U-NEXT(ユーネクスト)のレンタルで映画「福田村事件」を観た。

福田村事件は大正12年9月6日、関東大震災の5日後に当時の千葉県東葛飾郡福田村で起きた、香川から来た薬の行商団の9名が地元の自警団によって殺害された事件だ。監督は「A」や「FAKE」、「i-新聞記者ドキュメント-」などドキュメンタリー作品で有名な森達也。

出演は井浦新、田中麗奈、永山瑛太、柄本明、ピエール瀧、水道橋博士、東出昌大など豪華なキャスト。

震災の混乱などで関東各地で「朝鮮人に気をつけよ」「夜襲がある」といったデマが広がり。
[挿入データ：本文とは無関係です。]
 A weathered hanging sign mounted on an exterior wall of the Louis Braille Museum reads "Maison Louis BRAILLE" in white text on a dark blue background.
自警団が香川からの行商を問い詰め、言葉やイントネーションが違うなど言いがかりをつけ、その結果集団で9名を殺害してしまうという内容だ。異常なまでの緊張と興奮状態がよく現れていて、特に水道橋博士演じる自警団の一人「長谷川」は強烈だった。彼は帝国在郷軍人会(退役軍人などで結成された組織)で故郷に戻り自警団として活動していた。そのため、ある種の誇りや使命感のようなものが制御できずヒステリックな状態に陥り判断を誤った。「制御不能」な状態が村全体を覆った形であった。
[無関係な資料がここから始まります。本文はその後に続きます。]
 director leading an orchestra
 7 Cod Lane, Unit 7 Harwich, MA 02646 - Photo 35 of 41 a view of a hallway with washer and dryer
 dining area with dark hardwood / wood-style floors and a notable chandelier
先頃の令和6年能登半島地震の際にもXなどを中心にSNSで人々の不安を煽るような偽情報が多く投稿された。そういった情報が拡散され救助活動や避難に混乱が発生する、村で起きた「制御不能」な状態が常に起こりうる構造になっている。いつの時代においてもおそらく起こってしまうことなのだと実感させられる。

映画は単なる娯楽を超えて、我々の心の奥底に潜む深い疑問に火をつける。『福田村事件』はまさにその種の作品だ。この映画は、表面上は解決されたかのように見えるが、実際には多くの謎と疑問を残す歴史的事件を描いている。監督の緻密な手法と俳優たちの圧倒的な演技により、観る者は事件の真相に迫る旅へと誘われる。歴史的な記録映画。